La Stampa, 14 maggio 2015
Prima uccide la madre e poi si fa tatuare sul braccio la scritta: «Neanche la morte ci potrà separare: ti amo». Dopo un mese e dodici giorni di lutto condiviso con famiglia e amici, un diciassettenne confessa di aver strangolato la mamma: «Mi angustiava con i suoi continui rimproveri»
Per giorni è riuscito a tenere il segreto per sé e a dissimulare la terribile verità. È andato a scuola, è uscito con gli amici, ha condiviso il lutto con i familiari. Finanche un tatuaggio con la scritta «Neanche la morte ci potrà separare: ti amo mamma», si è fatto incidere sul braccio per allontanare ogni sospetto da sé. Alla fine, però, un ragazzo di soli 17 anni, F. M. I., ai magistrati e al padre ha confessato tutto: «Sono stato io ad uccidere la mamma, mi angustiava con i suoi continui rimproveri».
A un mese e 12 giorni si chiude così, in maniera clamorosa, la morte di Francesca Schettini, insegnante di musica di 53 anni, che lo scorso 1 aprile era stata ritrovata cadavere all’ingresso della villetta di famiglia, a Donnici, paese in provincia di Cosenza.
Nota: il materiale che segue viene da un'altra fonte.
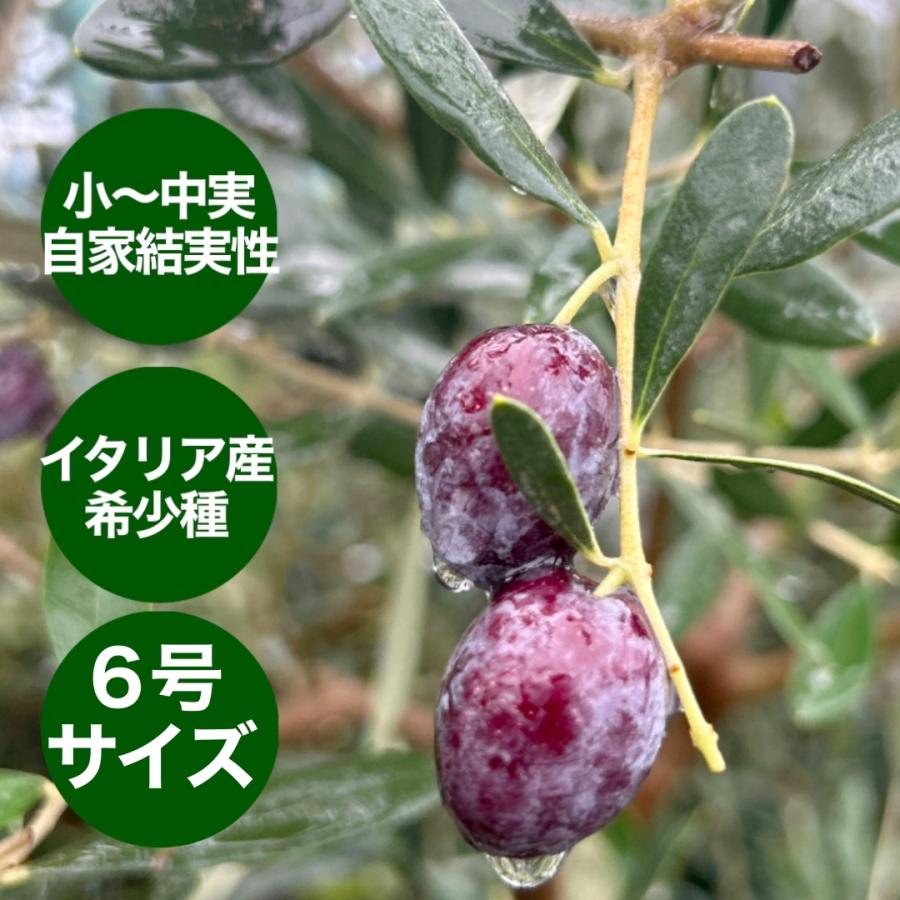 小倉園 オリーブ・グリニャン 6号鉢 オリーブの木 鉢植え 庭木 小倉園 オリーブ・グリニャン 6号鉢 オリーブの木 鉢植え 庭木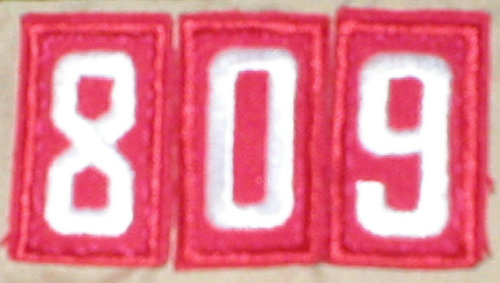 809.jpg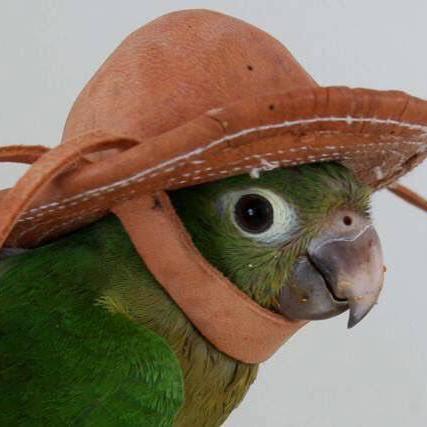 //res.cloudinary.com/wickedsites/image/upload/petal_marketing/prod/avatars/23079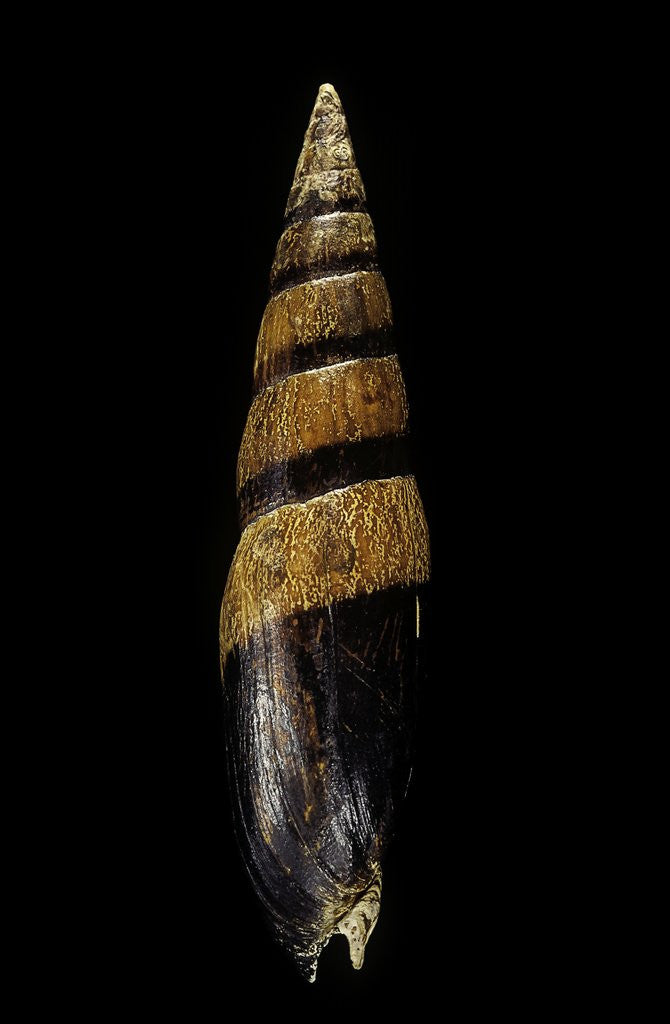 Detail of Mitra fusiformis zonata by Anonymous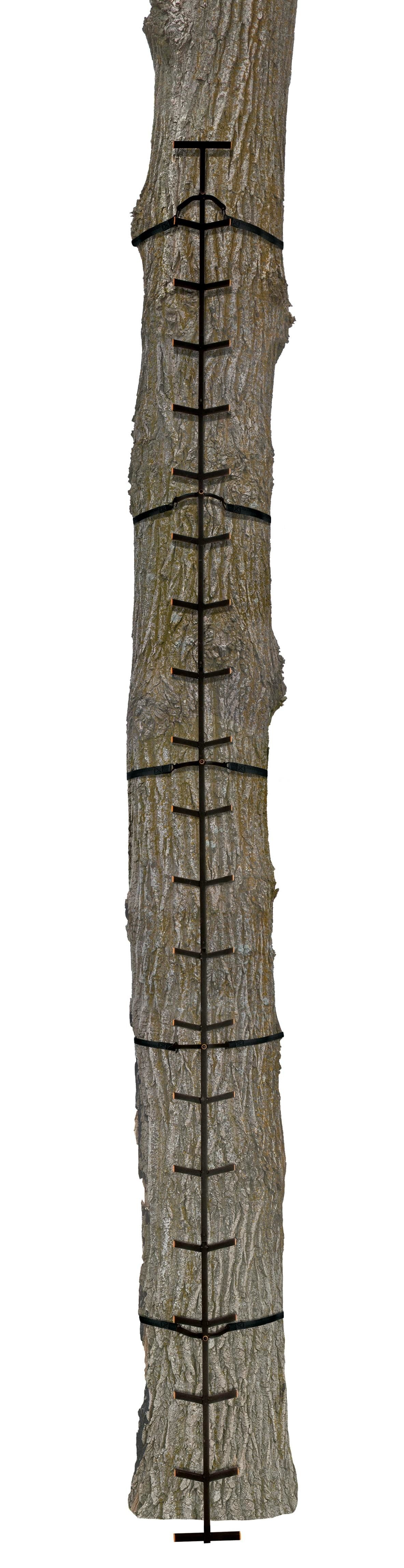 Muddy Treestands MCS0120 Quick Stick XL Climbing System for sale online 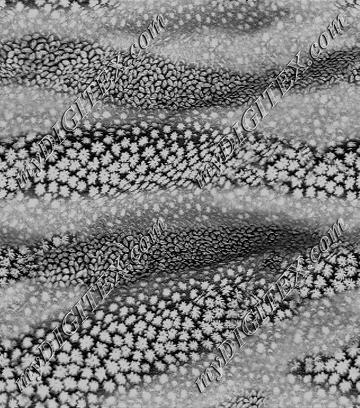 D008252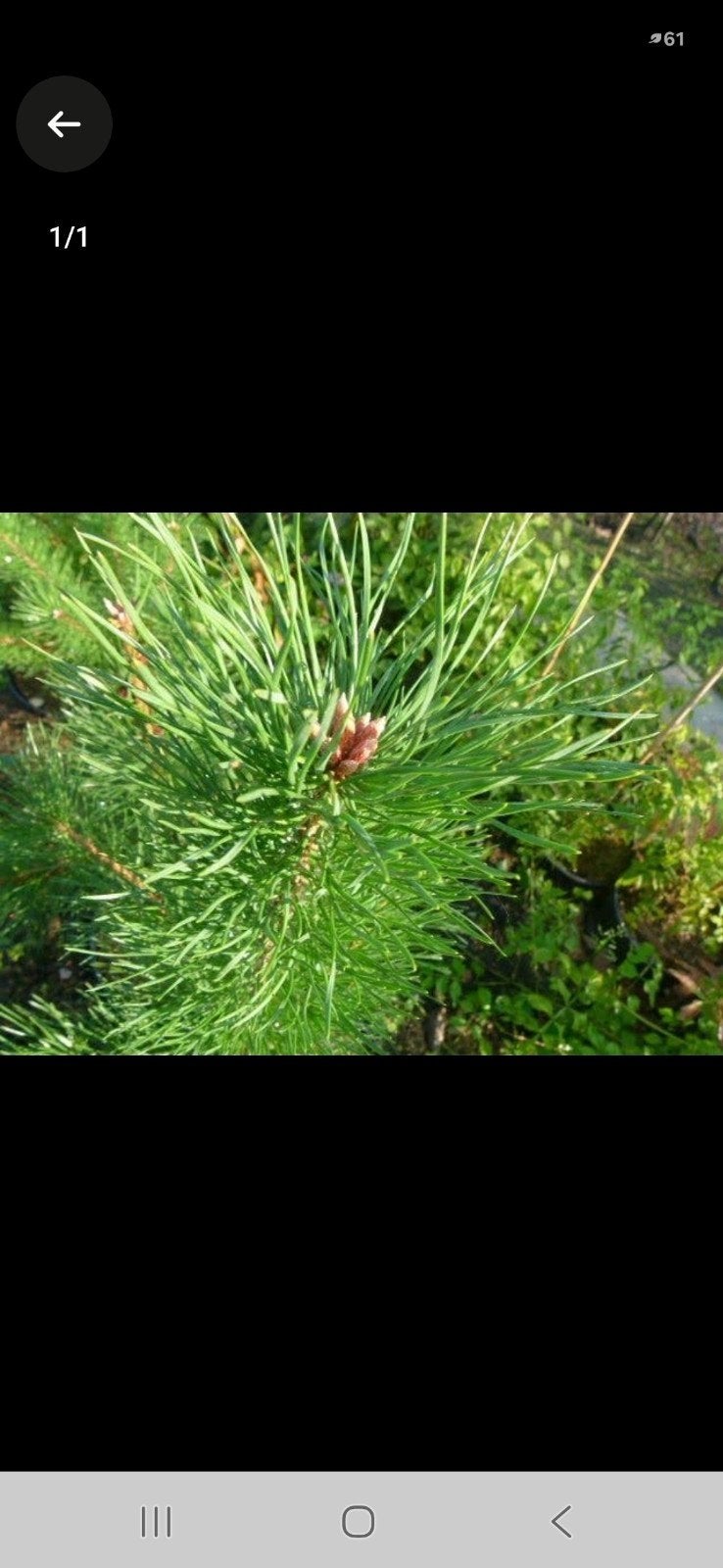 pinus sylvestrus, Tuin en Terras, Planten | Bomen, Ophalen of Verzenden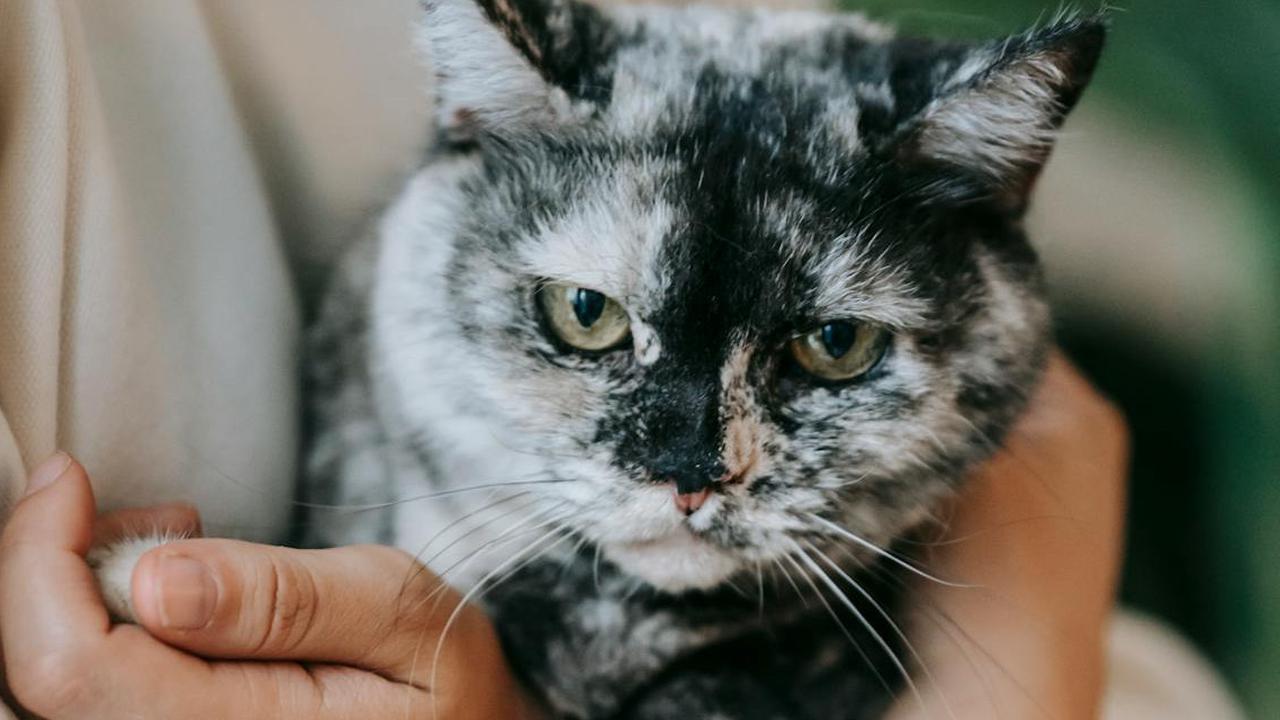 Cerai dengan Istri, Pria Ini Tetap Bayar Nafkah Kucingnya Selama 10 tahun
In un primo momento, passa per buona la versione che lo stesso ragazzo dà agli inquirenti, ovvero che la donna fosse morta per un malore, a seguito del quale è caduta dalle scale e si è rotta l’osso del collo. Madre e figlio si trovano insieme da soli a casa quella mattina ed è proprio lui a chiamare il 118 e a dare le prime spiegazioni alle forze dell’ordine. Il papà è impiegato in un ufficio di Cosenza, il fratello maggiore di 19 anni quel giorno non è in casa, entrambi i ragazzi – fratelli dalla nascita e italiani di nazionalità – sono stati adottati dieci anni fa in una casa accoglienza di Cosenza dalla coppia di Donnici.
Qualcosa, però, del racconto del giovane non convince i magistrati e la squadra Mobile della Questura di Cosenza, che piazzano microspie nella villa di famiglia ed attendono i risultati dell’autopsia. Trascorrono i giorni e i pezzi della storia iniziano, drammaticamente, a ricomporsi in maniera diversa dalla versione del minore. La prima svolta avviene a circa venti giorni dalla morte di Patrizia Schettini, quando il ragazzo – in una conversazione con il padre – ammette di aver aggredito la madre. Il giovane, si scoprirà in seguito, è un ragazzo impegnativo, sfugge al controllo dei genitori, nell’ordinanza viene descritto come una persona fredda e lucida, duro nella sua crudeltà.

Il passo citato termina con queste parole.